EXERCISE PROMPT: Only the lines from the beginning of the entries through the one with "Happy Easter concept." should be written out, please, exactly and without any pictures.

Scraped caption text data:
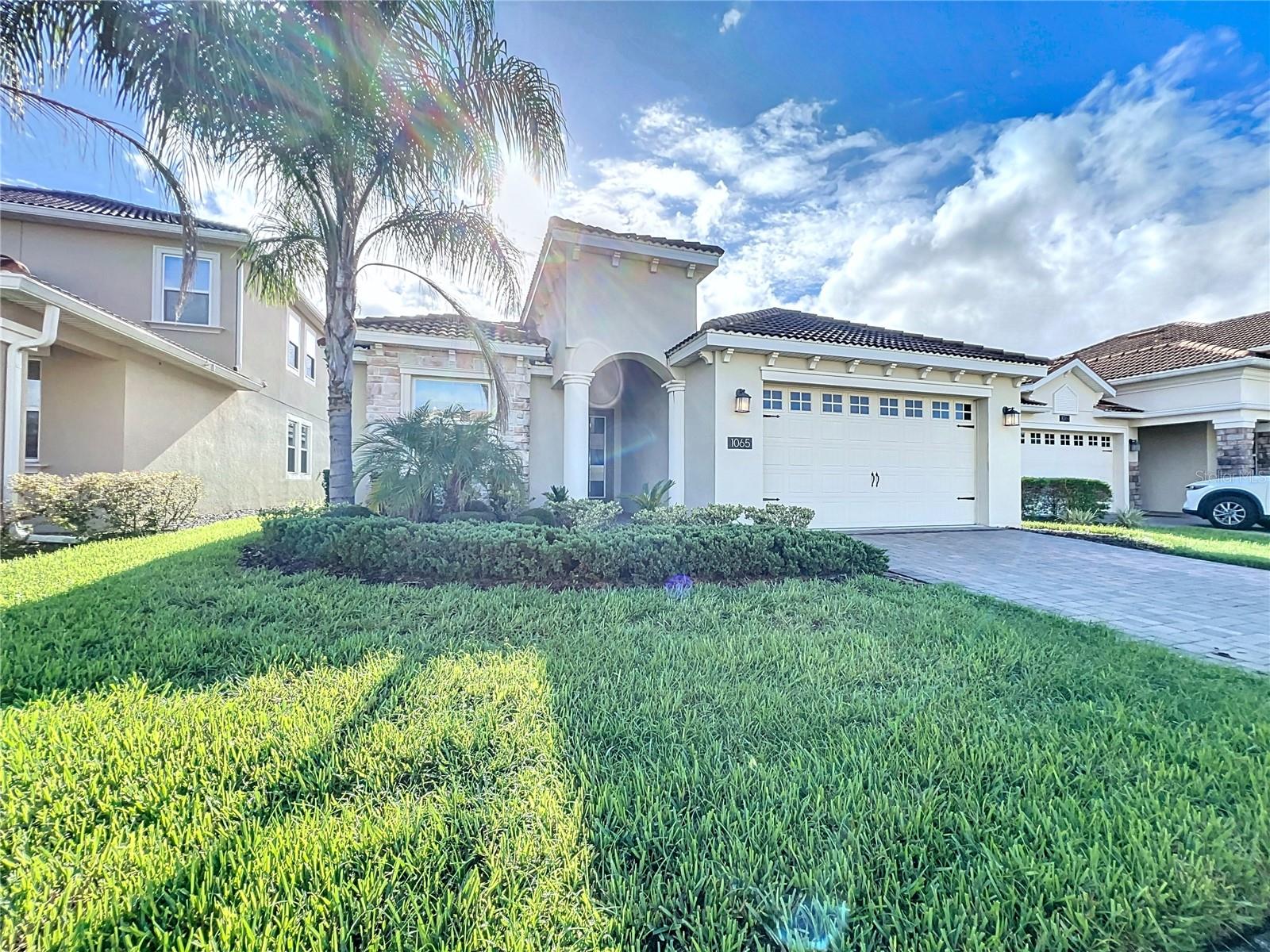Check out this magnificent 4-bedroom 2-bath home in the much sought after Champions Gate County Club. This inviting one story tile roof home has no rear neighbors and features a peaceful view of the conservation area that's part of the Champions Gate County Club golf course. It features an open floor plan and an impressive kitchen with 42' cabinets, quartz countertops, stainless steel appliances and a large island bar. The kitchen overlooks the expansive combination family and dining room that boasts beautiful tile flooring and creates a warm and inviting atmosphere while offering lovely views of the conservation area. The master suite has his and hers walk in closets and sliding glass doors that lead to the lanai and an over-sized bathroom with dual sinks, a walk-in shower and large garden tub. Additional features include an interior laundry room, covered rear patio and a two-car garage.... Champions Gate has unparalleled amenities that include a resort style pools, spa, fitness center, tennis, pickleball, basketball, golf, fitness center, on site concierge, and much more. The HOA fee includes cable, internet, lawn care as well as a $75 per month food credit at the private Plaza Club! Located just minutes from all the major theme parks and attractions as well as shopping, dining and major highways. Don’t miss this fantastic opportunity!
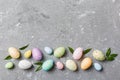 Happy Easter concept. Preparation for holiday. Easter eggs on colored background. flat lay top view copy space banner Royalty Free Stock Photo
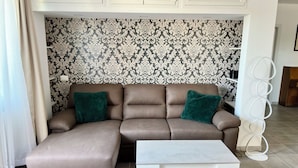 A living room with a brown sectional sofa, two green cushions, a white coffee table, and a patterned wallpaper background. - C Room with shared bathroom; Sweet Home Fleming (Roma)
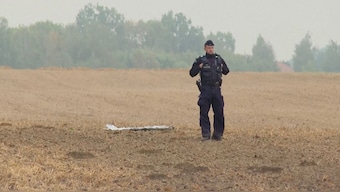 A Polish police officer stands near a unmanned aerial vehicle (UAV) fragment, after Russian drones violated Polish airspace during an attack on Ukraine and some were shot down by Poland, in Czesniki, Lublin Voivodeship, Poland, September 10, 2025 in this still image from video. Reuters File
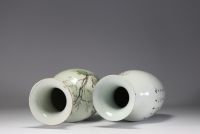 China - A pair of famille rose porcelain vases with courtesans, early 20th century.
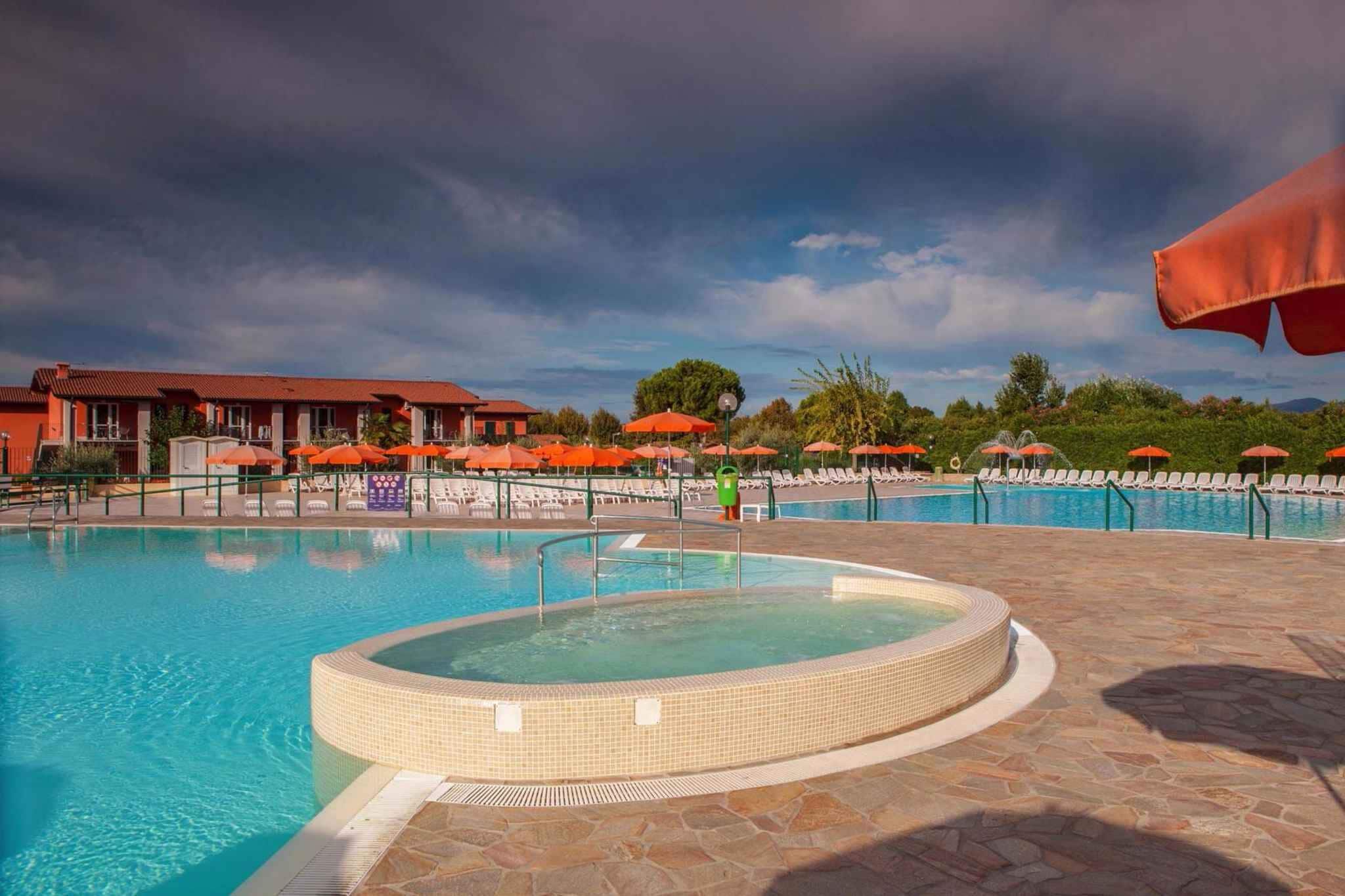 Une piscine avec un jacuzzi, des chaises longues et des parasols.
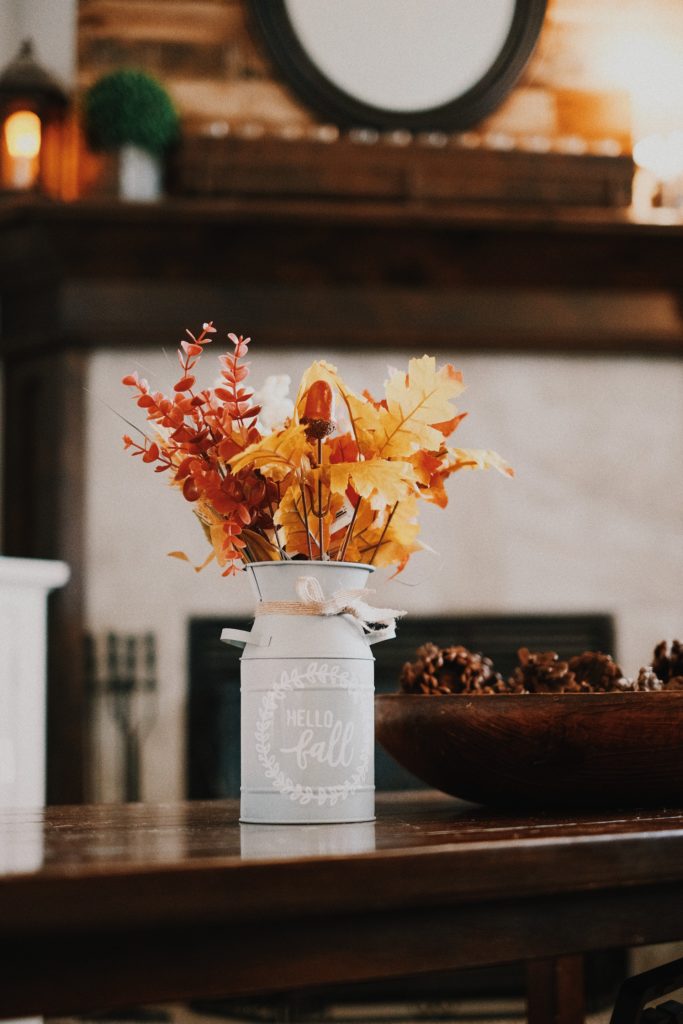 Image of a white vase filled with fall branches and leaves next to a bowl of pinecones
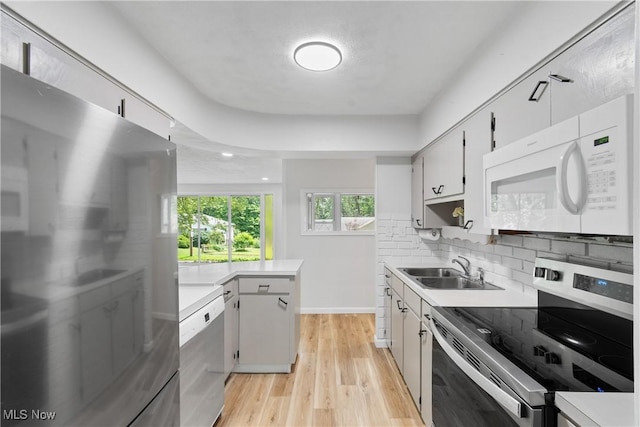 164 Goodview Ave, Akron, OH 44305 - kitchen featuring appliances with stainless steel finishes, light countertops, tasteful backsplash, light wood-type flooring, and a peninsula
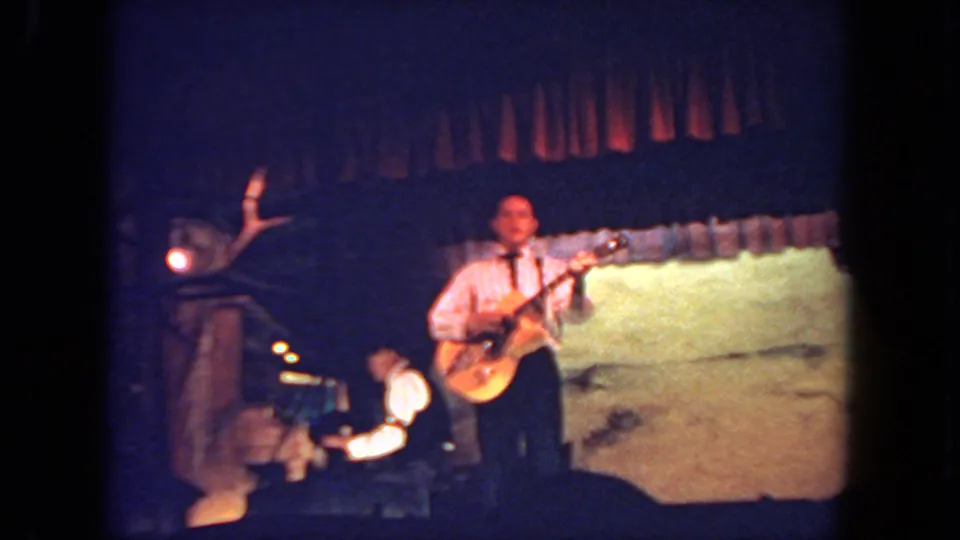 1962 San Diego home-movie frame showing a man on stage with an electric guitar, microphone, stage light, curtain, and seated bandmate.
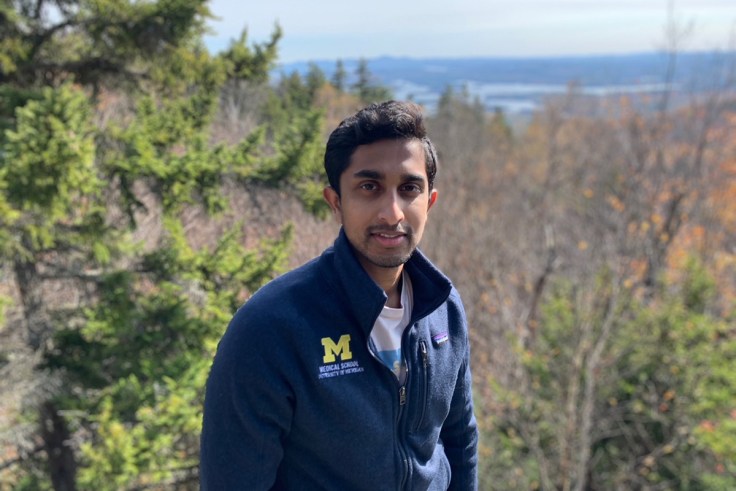 A student with views of trees and skies behind him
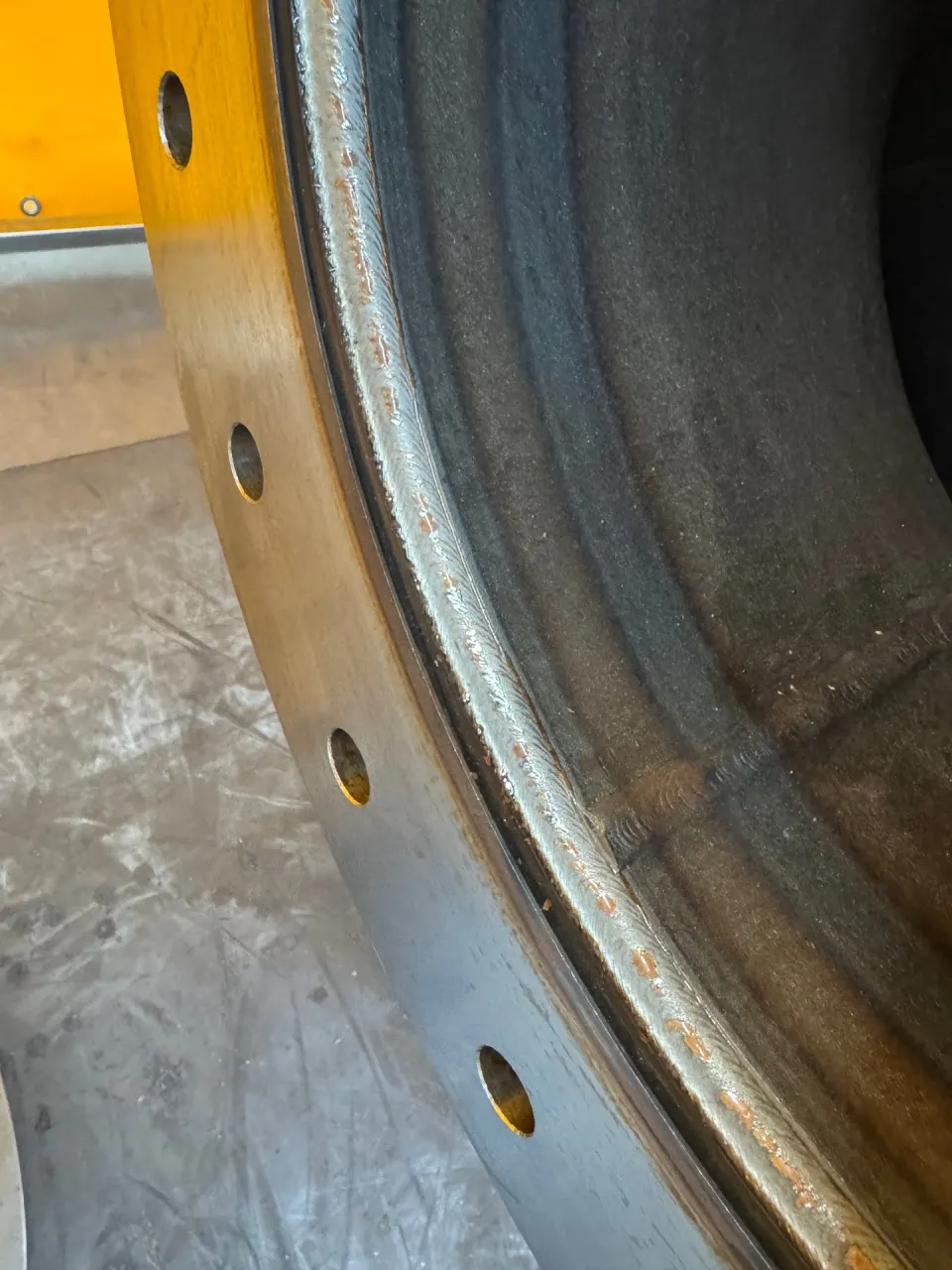 Robot-welded elbow-to-flange girth seam with an even ripple pattern and no undercut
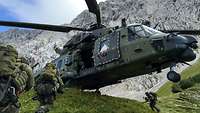 An NH-90 utility helicopter hovers just above the ground to pick up infantry soldiers.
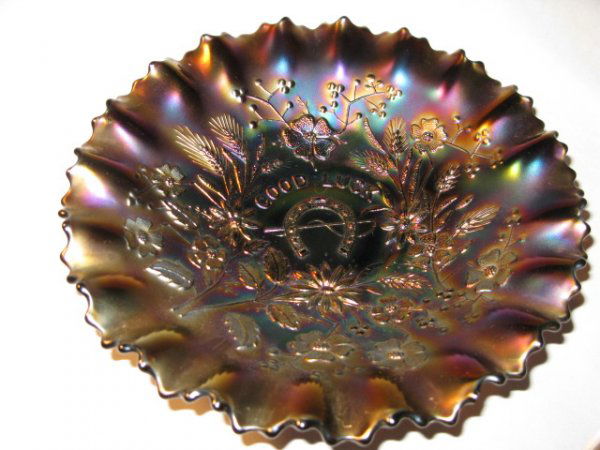 CARNIVAL NORTHWOOD "GOOD LUCK" BOWL, AMETHYST: CARNIVAL NORTHWOOD "GOOD LUCK" BOWL, AMETHYST. DEEP IRRIDESCENT AMETHYST COLORS ADORN THIS LOVELY BOWL. APP. 9"DIA. VGC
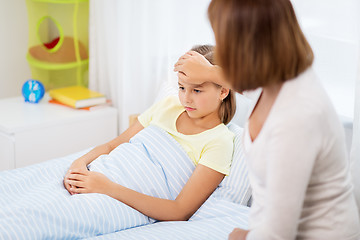 Image showing mother taking care of unhealthy daughter at home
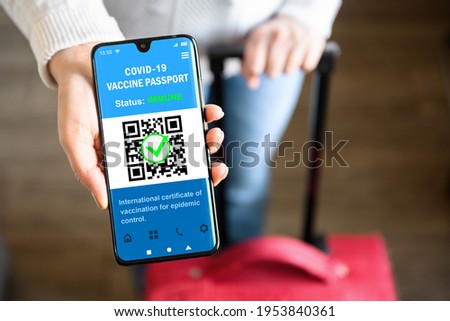 COVID-19 vaccination pass with green sign in mobile phone for travel, tourist shows health certificate app, digital pass in smartphone at airport. Concept of corona, immunity passport, test, tourism.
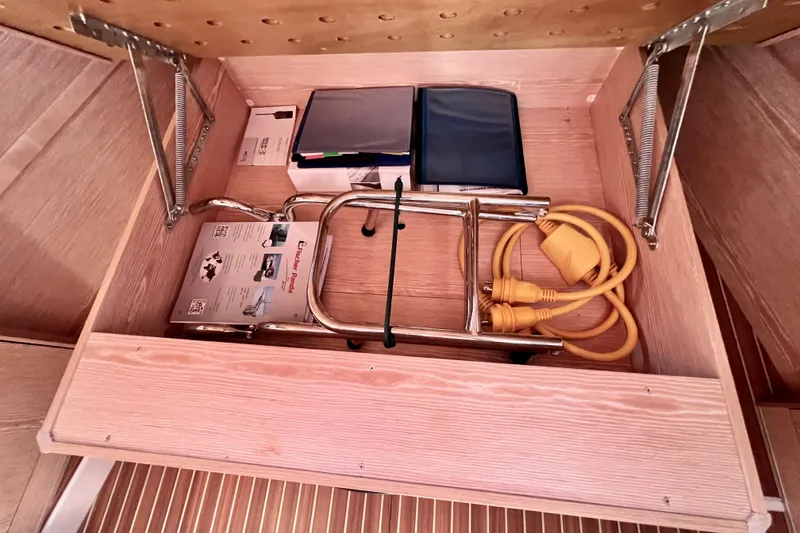 Slide: The Image of Storage compartment in a 2016 Hanse 455 yacht with cables and manuals. - 157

WORKED SOLUTION:
Check out this magnificent 4-bedroom 2-bath home in the much sought after Champions Gate County Club. This inviting one story tile roof home has no rear neighbors and features a peaceful view of the conservation area that's part of the Champions Gate County Club golf course. It features an open floor plan and an impressive kitchen with 42' cabinets, quartz countertops, stainless steel appliances and a large island bar. The kitchen overlooks the expansive combination family and dining room that boasts beautiful tile flooring and creates a warm and inviting atmosphere while offering lovely views of the conservation area. The master suite has his and hers walk in closets and sliding glass doors that lead to the lanai and an over-sized bathroom with dual sinks, a walk-in shower and large garden tub. Additional features include an interior laundry room, covered rear patio and a two-car garage.... Champions Gate has unparalleled amenities that include a resort style pools, spa, fitness center, tennis, pickleball, basketball, golf, fitness center, on site concierge, and much more. The HOA fee includes cable, internet, lawn care as well as a $75 per month food credit at the private Plaza Club! Located just minutes from all the major theme parks and attractions as well as shopping, dining and major highways. Don’t miss this fantastic opportunity!
 Happy Easter concept. Preparation for holiday. Easter eggs on colored background. flat lay top view copy space banner Royalty Free Stock Photo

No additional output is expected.